• RECORDS FOR THIS EXERCISE:
- Opening Delimiter -
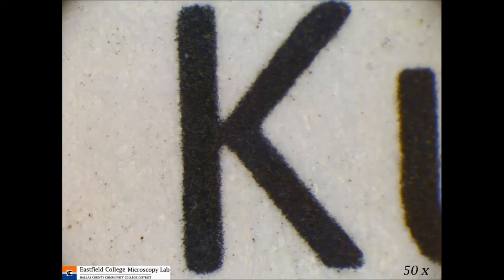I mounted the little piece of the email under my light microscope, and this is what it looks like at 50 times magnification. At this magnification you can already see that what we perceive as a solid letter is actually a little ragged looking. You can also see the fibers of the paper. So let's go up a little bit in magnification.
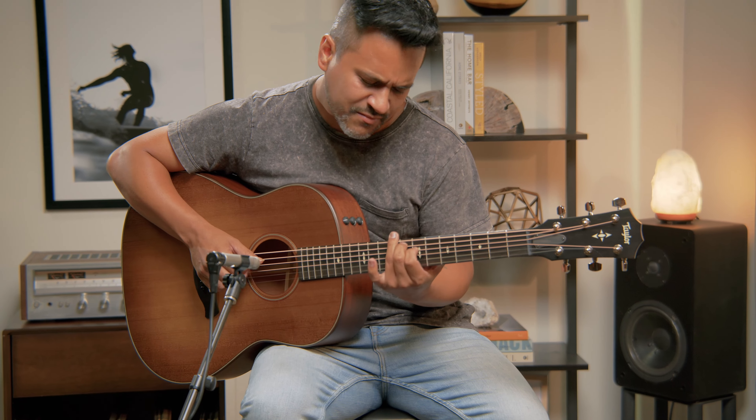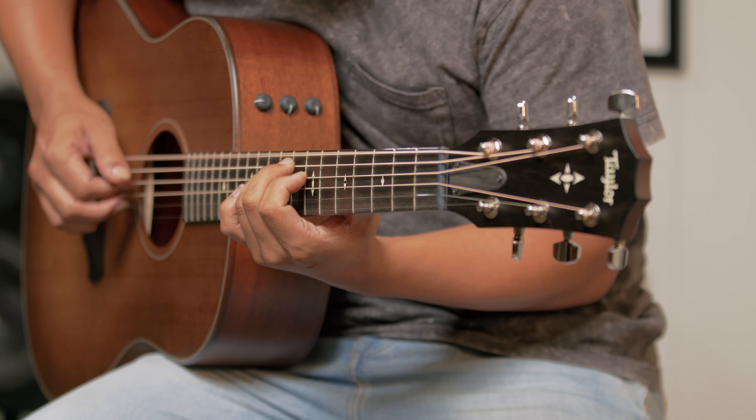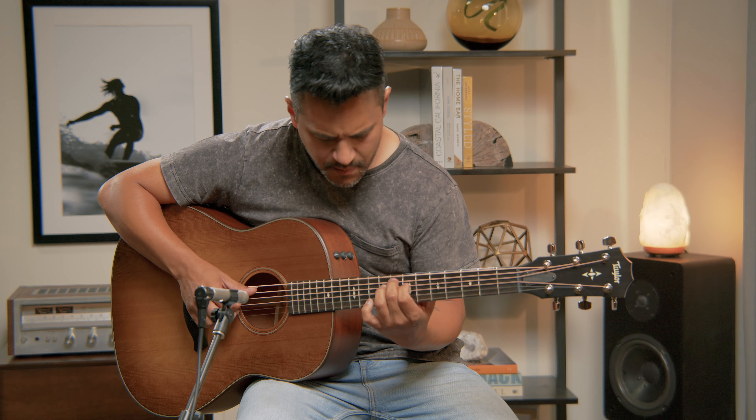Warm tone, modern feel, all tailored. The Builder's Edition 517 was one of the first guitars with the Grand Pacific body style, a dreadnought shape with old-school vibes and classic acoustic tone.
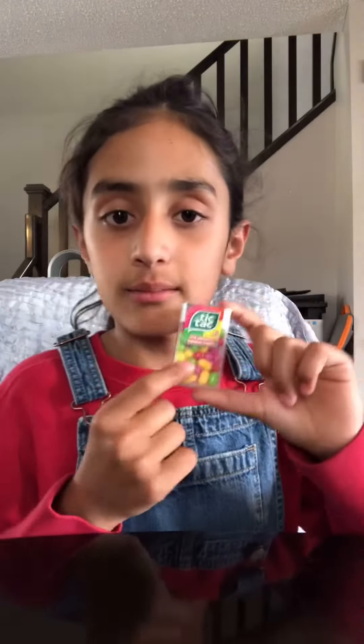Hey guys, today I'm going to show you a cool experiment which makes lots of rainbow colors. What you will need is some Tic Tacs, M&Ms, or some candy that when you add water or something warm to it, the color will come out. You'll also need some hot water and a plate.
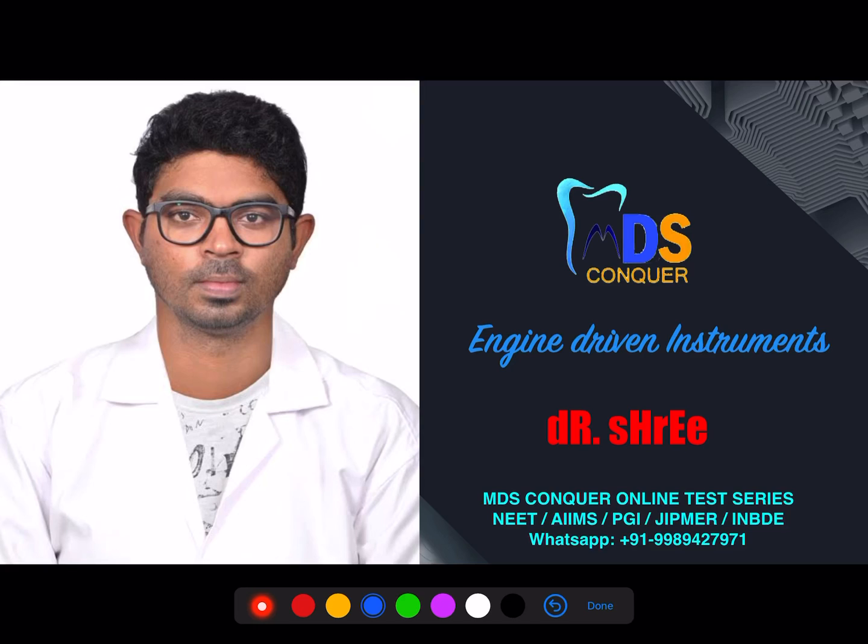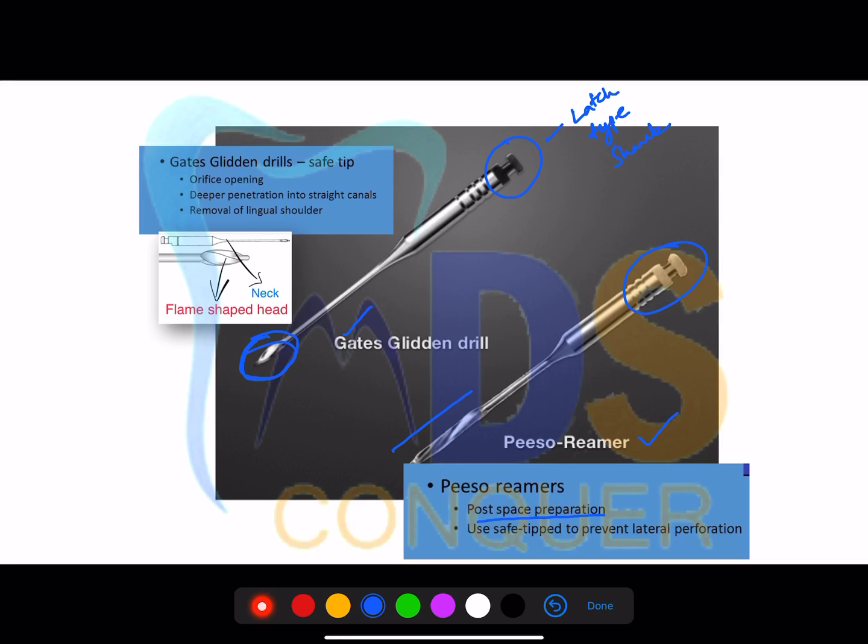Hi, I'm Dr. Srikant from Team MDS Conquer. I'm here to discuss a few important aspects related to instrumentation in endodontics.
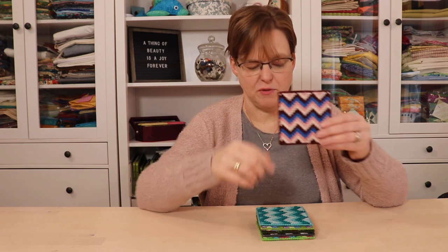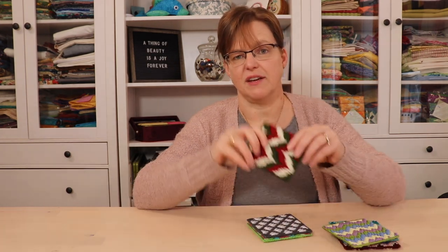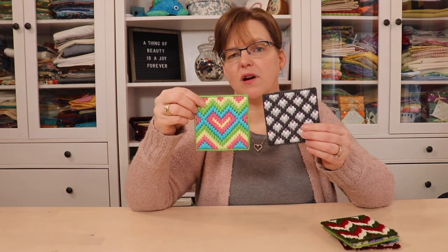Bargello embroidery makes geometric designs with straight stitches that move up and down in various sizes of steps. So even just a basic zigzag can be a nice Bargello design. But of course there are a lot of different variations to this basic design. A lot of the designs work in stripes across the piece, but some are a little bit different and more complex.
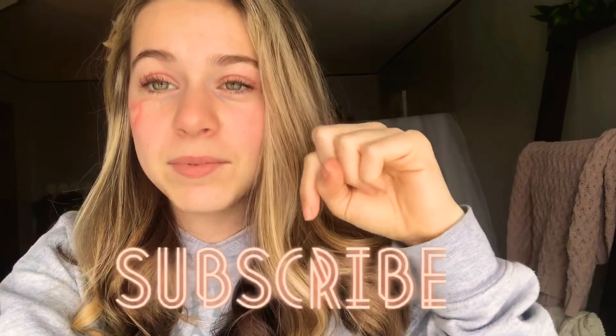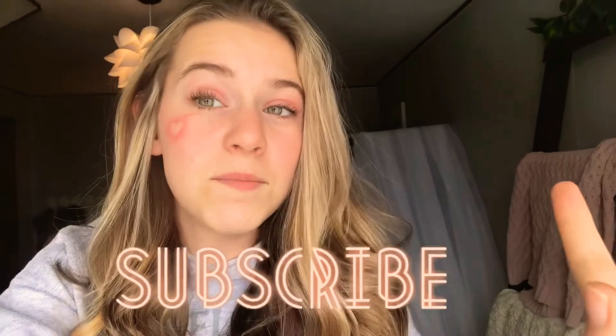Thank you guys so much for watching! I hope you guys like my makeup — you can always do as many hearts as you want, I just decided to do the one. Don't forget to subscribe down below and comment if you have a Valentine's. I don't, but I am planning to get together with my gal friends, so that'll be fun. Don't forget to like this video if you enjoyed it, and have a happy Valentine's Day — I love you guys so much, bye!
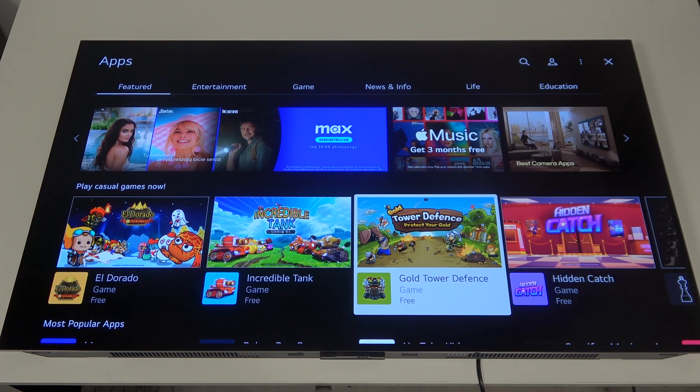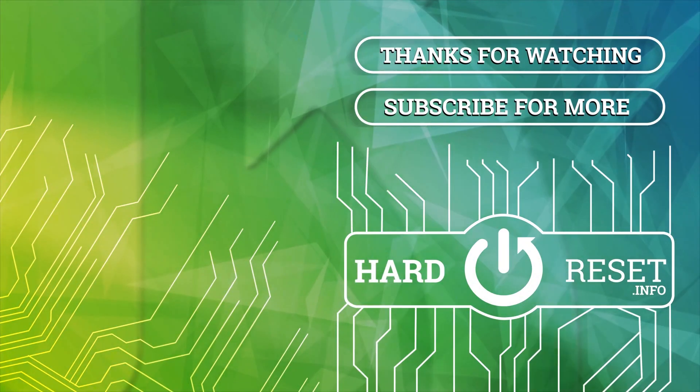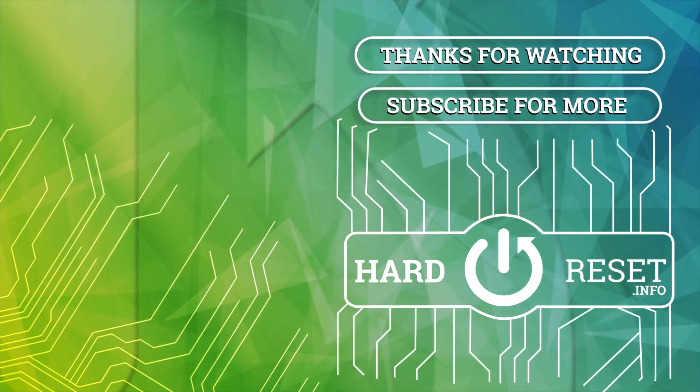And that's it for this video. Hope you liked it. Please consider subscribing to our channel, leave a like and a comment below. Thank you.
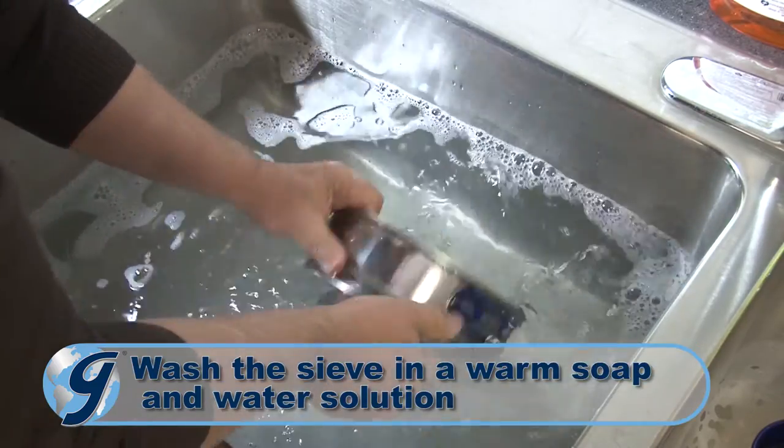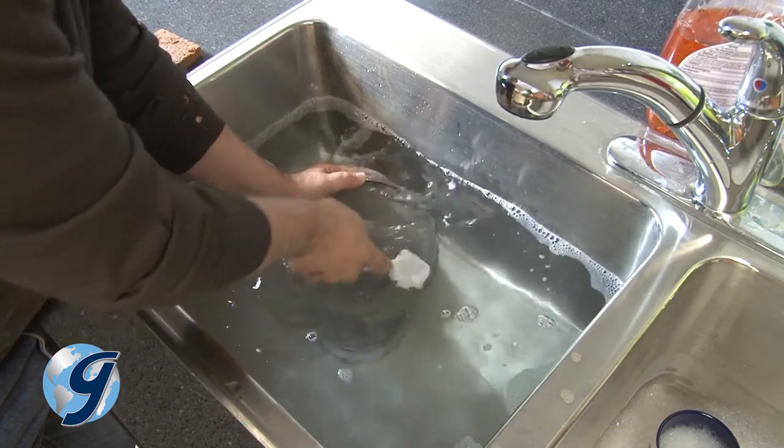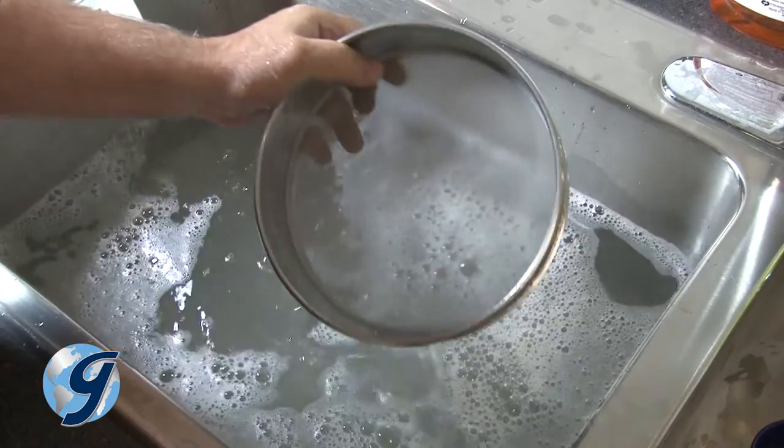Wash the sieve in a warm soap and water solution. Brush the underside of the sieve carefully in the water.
- Closing Delimiter -
Only the lines from the top of the material through the line containing "Warm tone, modern" should be written out, exactly and without pictures.

I mounted the little piece of the email under my light microscope, and this is what it looks like at 50 times magnification. At this magnification you can already see that what we perceive as a solid letter is actually a little ragged looking. You can also see the fibers of the paper. So let's go up a little bit in magnification.
Warm tone, modern feel, all tailored. The Builder's Edition 517 was one of the first guitars with the Grand Pacific body style, a dreadnought shape with old-school vibes and classic acoustic tone.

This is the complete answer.